Untertitel: gehalten am 4. Juli in Berlin
Anrede: Sehr geehrter Herr Präsident Bush, sehr geehrter Herr Bundespräsident von Weizsäcker, sehr geehrter Herr Botschafter Timken, liebe Frau Timken, meine Damen und Herren,
Quelle (evtl. nicht mehr verfügbar): http://www.bundesregierung.de/nn_914560/Content/DE/Archiv16/Rede/2008/07/2008-07-04-eroeffnung-amerikanische-botschaft,layoutVariant=Druckansicht.html


ich freue mich sehr, heute gemeinsam mit Ihnen einen historischen Augenblick zu erleben: die Rückkehr der Botschaft der Vereinigten Staaten an das Brandenburger Tor.

Für diesen großen Moment gibt es kein passenderes Datum als den 4. Juli, den Tag, an dem sich das junge Amerika im Jahre 1776 für unabhängig erklärte. Seither stehen die Vereinigten Staaten wie kein anderes Land auf der Welt für die Kraft von Unabhängigkeit und Freiheit. Deshalb ist es mir eine besondere Freude, heute hier bei Ihnen zu sein und den Vereinigten Staaten von Amerika zu ihrem "4th of July" ganz herzlich zu gratulieren.

Dies ist Ihr Nationalfeiertag. Es ist aber auch ein Feiertag für alle, die wissen, wie wertvoll Unabhängigkeit und Freiheit sind. Wir in Deutschland wissen um den Wert der Freiheit auch dank der Vereinigten Staaten von Amerika. Sie haben in den 232Jahren Ihrer Unabhängigkeit immer an die Kraft der Freiheit geglaubt.
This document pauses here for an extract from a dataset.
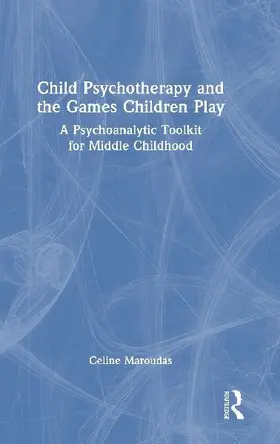 Child Psychotherapy and the Games Children Play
So haben Sie auch an die Kraft der Freiheit geglaubt, als diese Stadt Berlin 1945, nach den Abgründen von Krieg und Diktatur, einen starken und guten Freund brauchte. Sie haben an die Kraft der Freiheit geglaubt, als es für die Menschen in dieser Stadt und in diesem Land darum ging, Hoffnung auf eine bessere Zukunft zu schöpfen. Sie haben an die Kraft der Freiheit geglaubt, als dieses Tor noch durch Mauer und Stacheldraht versperrt war.

Dazu möchte ich einen Satz unseres früheren Bundespräsidenten Richard von Weizsäcker zitieren. Er sagte: "Solange das Brandenburger Tor geschlossen ist, ist die deutsche Frage offen." Deshalb ist die Rückkehr der amerikanischen Botschaft an den Platz neben diesem geschichtsträchtigen Bauwerk, dem Symbol der deutschen Einheit, ein so besonderer und bewegender Moment für die Menschen in unserem Lande.

Der Gang durch das Tor ist für uns inzwischen Normalität geworden. Aber wir vergessen nicht, wer sich für seine Öffnung maßgeblich mit eingesetzt hat: Es waren die Vereinigten Staaten von Amerika. Ihre Beziehung zu Berlin und Deutschland war und ist eine ganz besondere Geschichte voller prägender Momente.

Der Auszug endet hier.